On Wednesday, it was their own defensive performance that hurt them.
The 51s committed three errors and lost a key fly ball in the twilight in a 7-4 loss to Omaha in the series opener at Werner Park.
“Our defense kind of fell apart,” manager Tony DeFrancesco said. “Every time we made a mistake, it cost us runs. (Zach) Borenstein missed a ball in the twilight that kind of hurt us. There was the (Christian Colon) throw back to first base that the runner wound up at third. The ball went into the dugout. (Jack) Reinheimer in the eighth inning and (Kevin) Kaczmarski made errors leading to runs.”
In the fifth inning with the score knotted up at 4-4, left fielder Borenstein lost a ball in the sky that dropped in for a double.
“It just seems like we (get) caught in the twilight either at home in Vegas or on the road,” DeFrancesco said. “The ball goes up, they don’t see it off the bat. They lose it and the guy winds up at first base.”
In this case it was second base and with two outs, Frank Schwindel was tripled home by Elier Hernandez.
That run gave the Storm Chasers (50-58) a permanent lead as the 51s (52-57) couldn’t muster a hit off Jonathan Dziedzic in the final four innings of the game.
“He didn’t look like he had overpowering stuff,” DeFrancesco said of Dziedzic. “He fell behind most of the time, got back in the count. We hit the ball hard a few times. We just couldn’t put anything in play.”
The Storm Chasers added a pair of insurance runs in the eighth inning thanks in large part to the back-to-back errors from Reinheimer and Kaczmarski.

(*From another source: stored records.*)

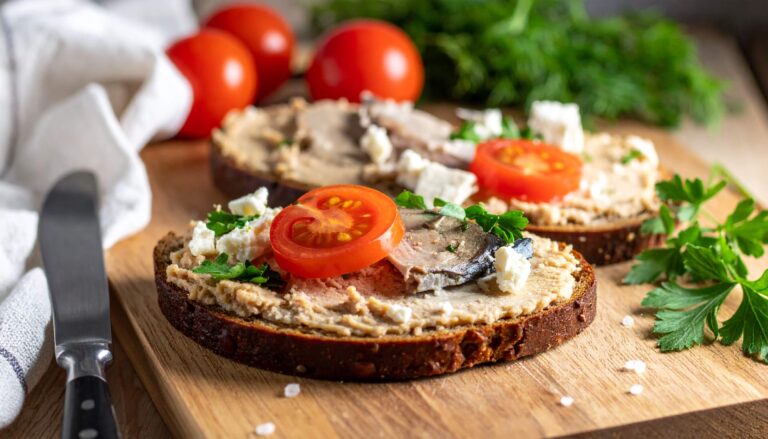 Pasta z&nbsp;wędzonej makreli z&nbsp;fetą i&nbsp;pomidorkami z&nbsp;Air Fryer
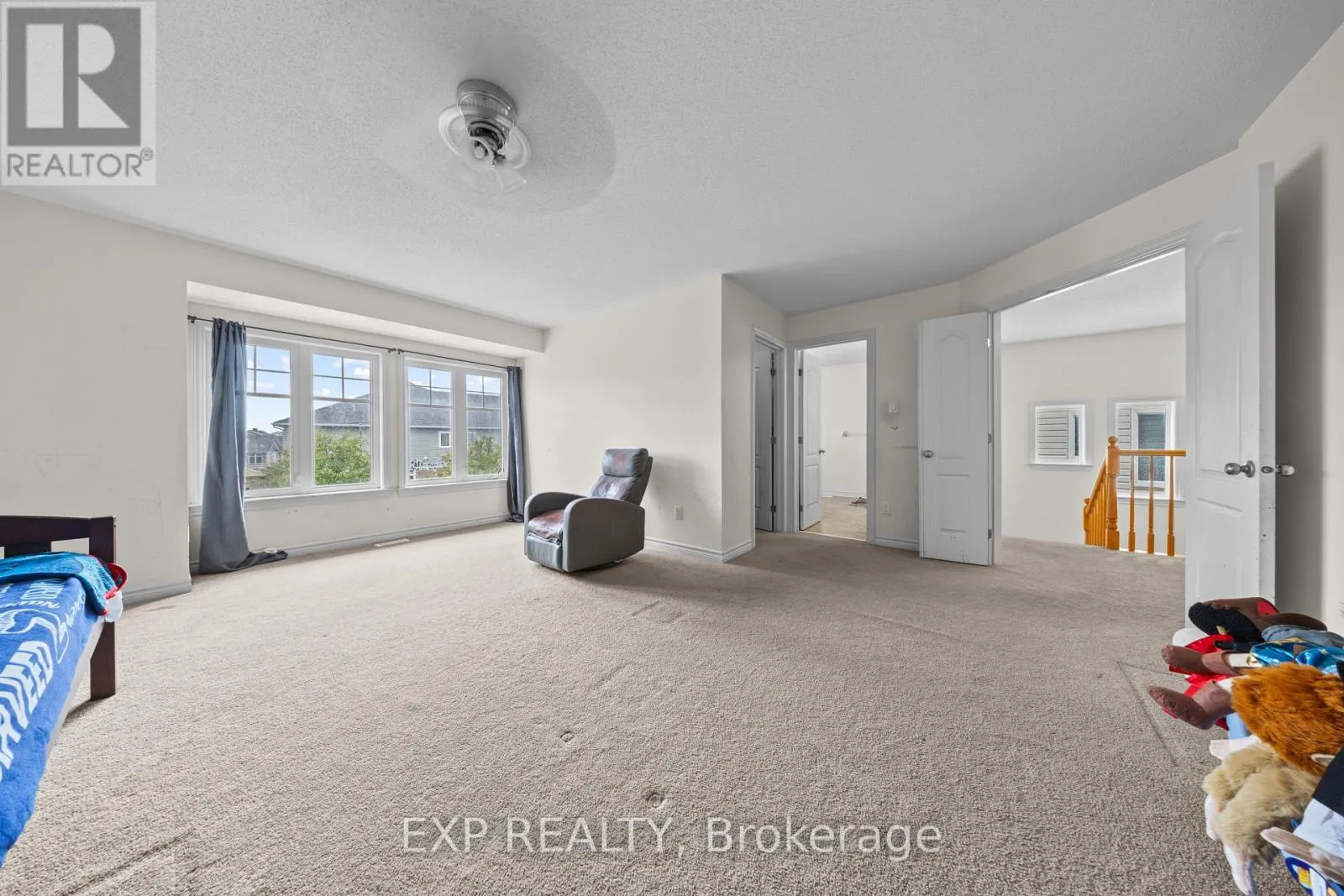 121 DAGLAN CRESCENT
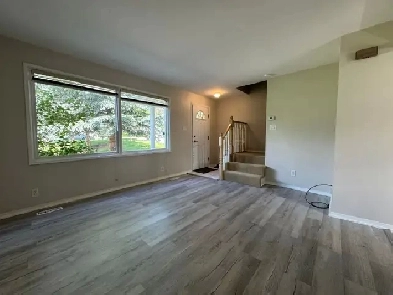 Bright renovated townhouse located in Killarney Glen Court Image# 15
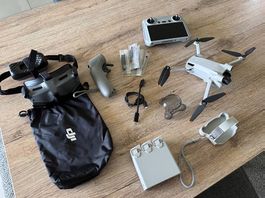 DJI Mini 3 FlyMore RC und FPV Bundle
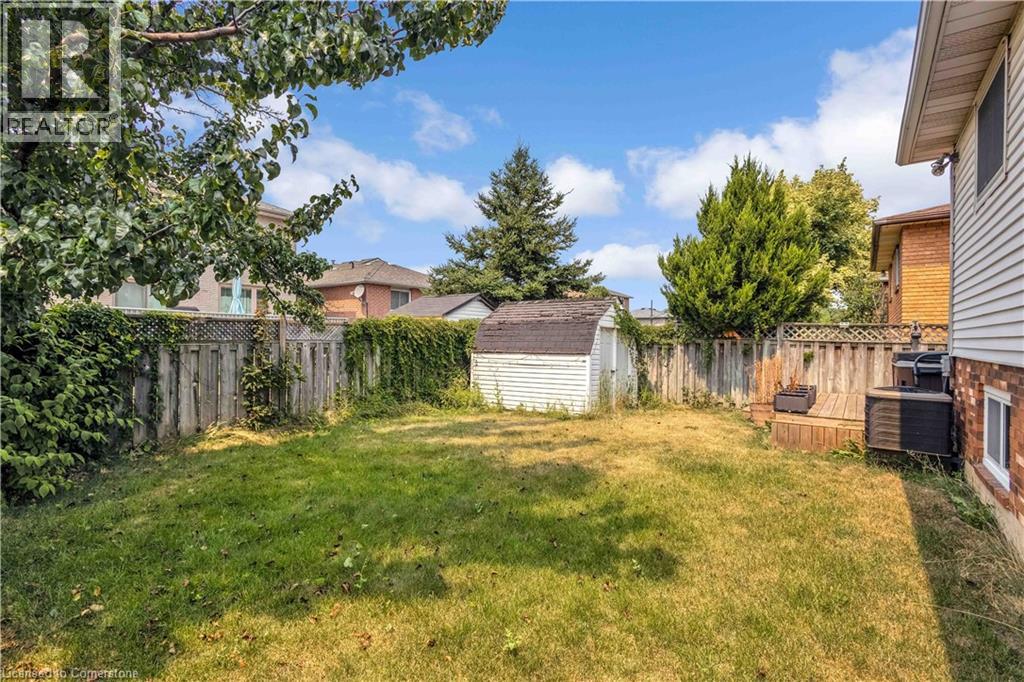 Photo 13 of 18 Rosewell Street, Hamilton ON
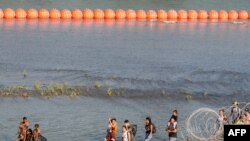 资料照片：2023年7月16日，德克萨斯州伊格尔帕斯的美墨边境的移民。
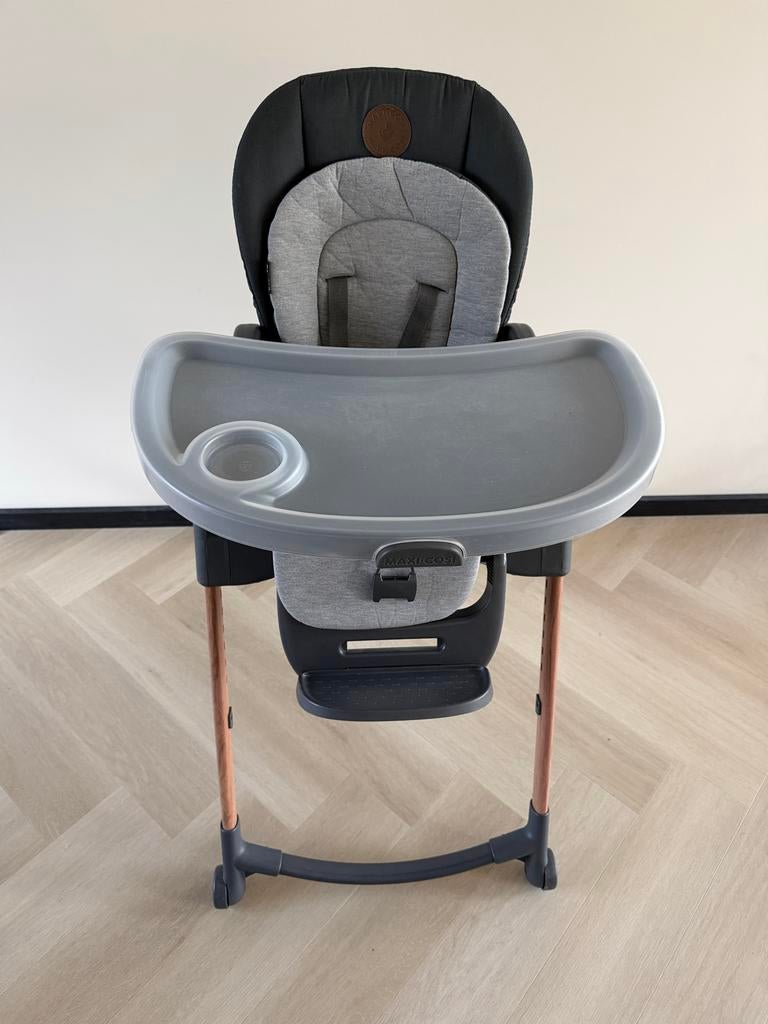 Maxi Cosi Minla eetstoel, Ophalen, Zo goed als nieuw, Meegroeistoel, Gordel(s)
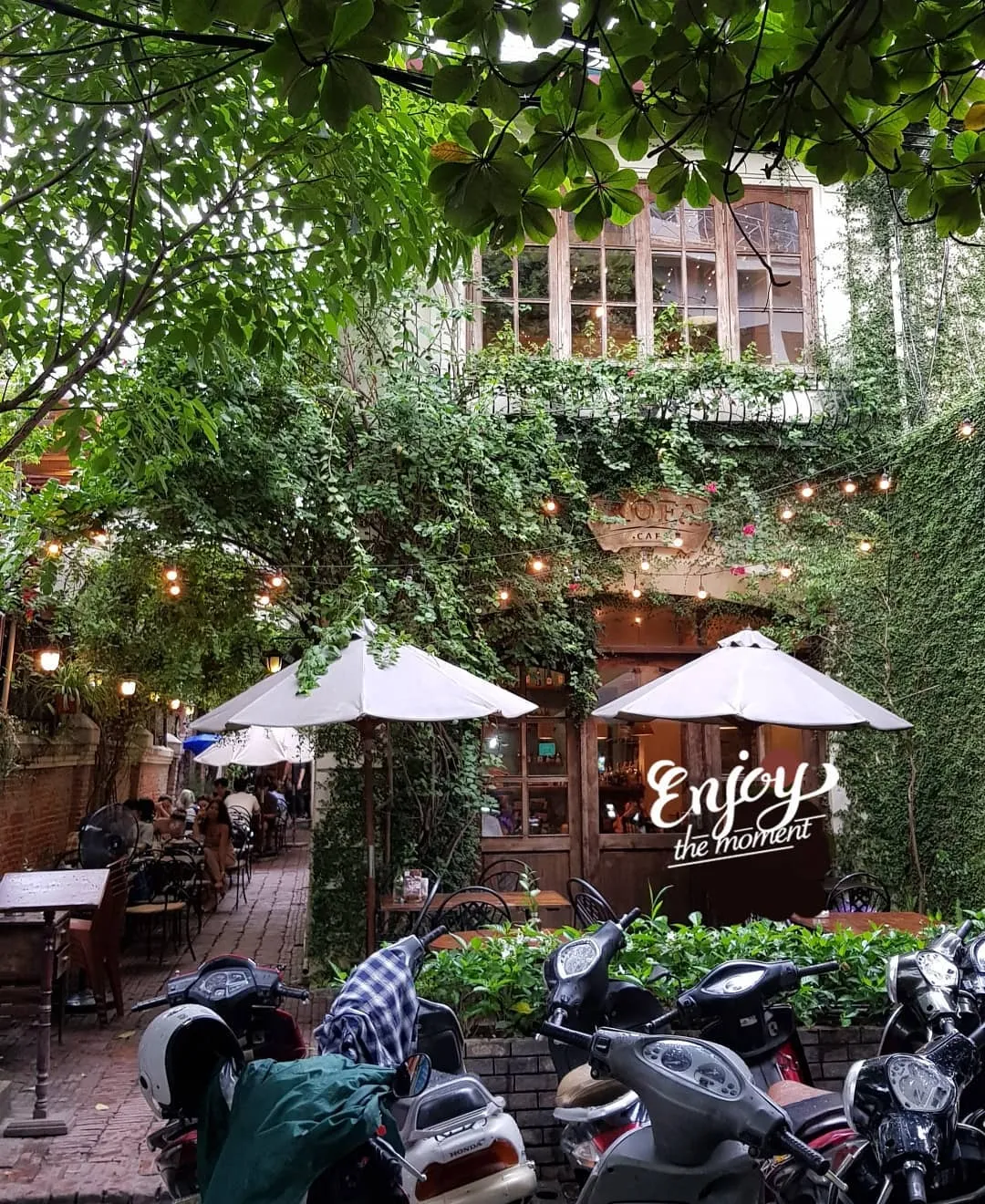 Bàn ghế tại Xofa Cafe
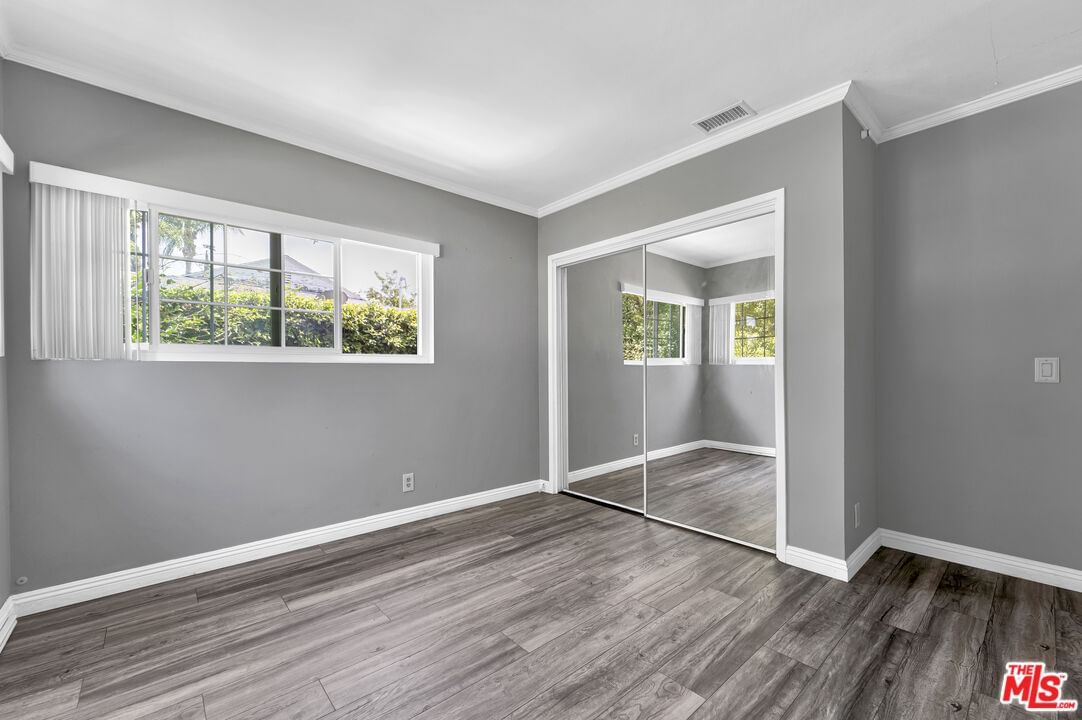 Garden Grove photo 16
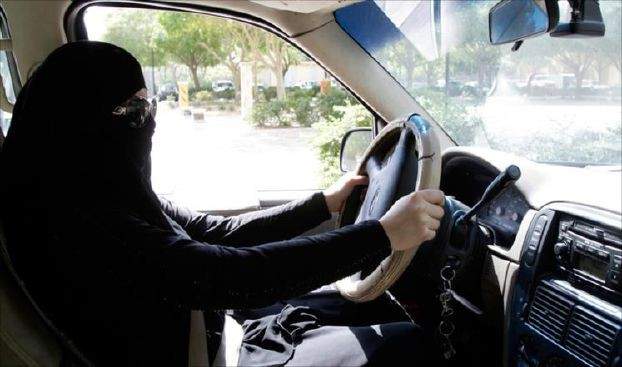 وفاة أول امرأة سعودية أثناء قيادتها السيارة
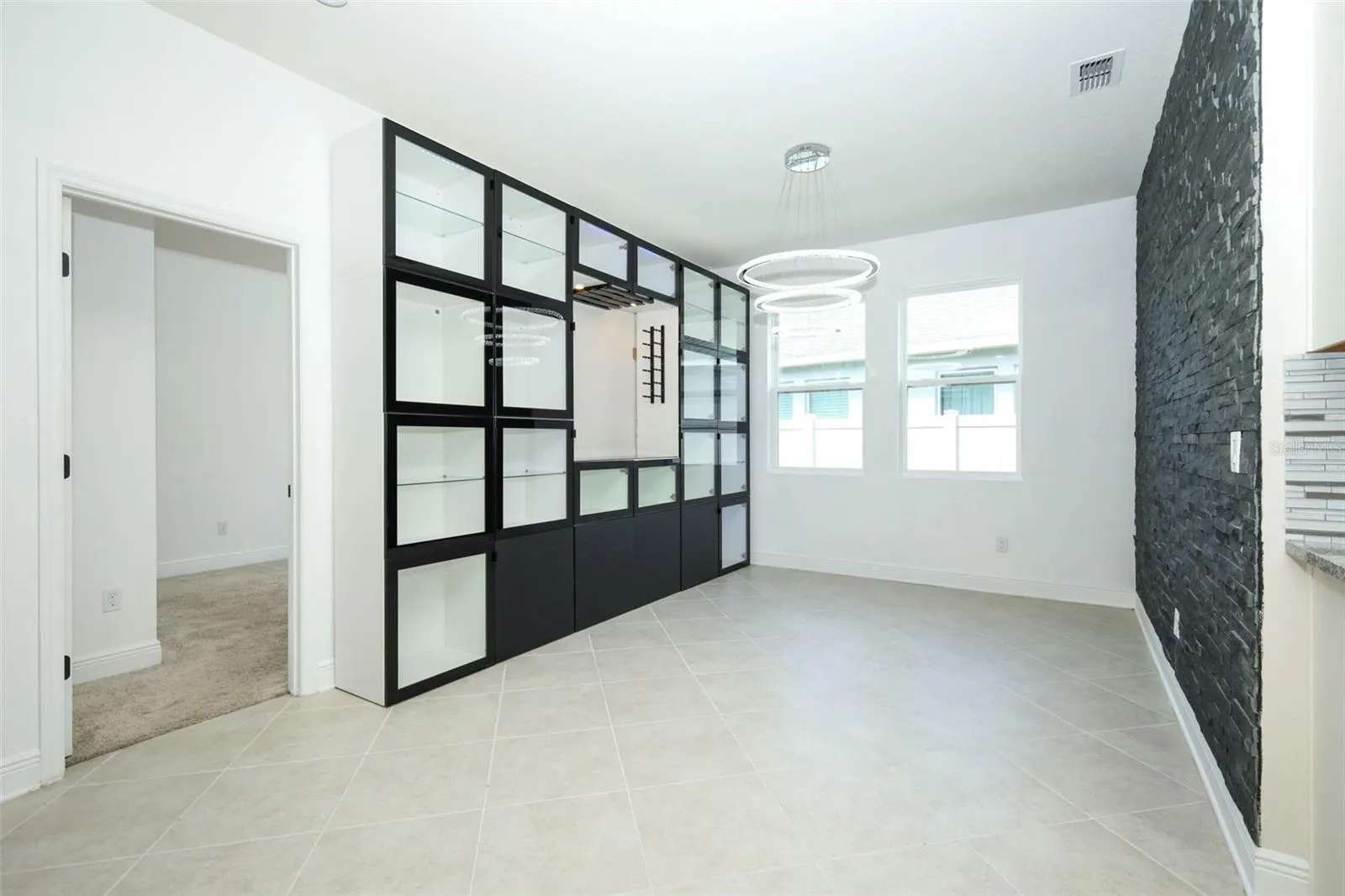 FORMAL WIDE DINING ROOM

Prior to the fifth inning, the two teams had been tied.
The Storm Chasers had taken a three-run lead off starter Chris Flexen in the first inning before Las Vegas responded with three of its own on back-to-back home runs in the third from Matt den Dekker and Borenstein.
After Omaha scored in the bottom of the third, Las Vegas responded with a run in the fourth.
Flexen, who gave up just five earned runs in the month of July spanning four starts over 26.0 innings, surrendered five runs — four earned — on Wednesday and took the loss.
“He was in a pretty good groove,” DeFrancesco said. “Stuff just happens. He didn’t have his breaking ball early.”
And with nothing going against the Omaha bullpen and their defense working against them, the 51s couldn’t mount a late comeback.
“We didn’t score runs late,” DeFrancesco said. “It was too tough to come back.”